| Dataset content |
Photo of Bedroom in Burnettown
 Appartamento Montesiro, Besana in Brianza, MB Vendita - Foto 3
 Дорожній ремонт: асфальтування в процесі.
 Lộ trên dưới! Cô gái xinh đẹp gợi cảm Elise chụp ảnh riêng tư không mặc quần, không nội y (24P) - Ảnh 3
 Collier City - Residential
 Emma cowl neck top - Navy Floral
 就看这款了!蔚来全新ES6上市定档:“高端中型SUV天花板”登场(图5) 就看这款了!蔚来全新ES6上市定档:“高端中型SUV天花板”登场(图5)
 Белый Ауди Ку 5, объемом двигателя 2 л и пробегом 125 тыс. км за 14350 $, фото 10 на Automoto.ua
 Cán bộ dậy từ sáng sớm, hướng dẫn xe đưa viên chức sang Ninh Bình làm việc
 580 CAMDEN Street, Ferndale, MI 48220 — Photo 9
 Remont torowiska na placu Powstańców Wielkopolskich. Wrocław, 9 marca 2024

| Problem statement |
Repeat exactly the lines of the records from the one containing "Белый Ауди Ку" to the last, and include no line outside that stretch.

| Task solution |
 Белый Ауди Ку 5, объемом двигателя 2 л и пробегом 125 тыс. км за 14350 $, фото 10 на Automoto.ua
 Cán bộ dậy từ sáng sớm, hướng dẫn xe đưa viên chức sang Ninh Bình làm việc
 580 CAMDEN Street, Ferndale, MI 48220 — Photo 9
 Remont torowiska na placu Powstańców Wielkopolskich. Wrocław, 9 marca 2024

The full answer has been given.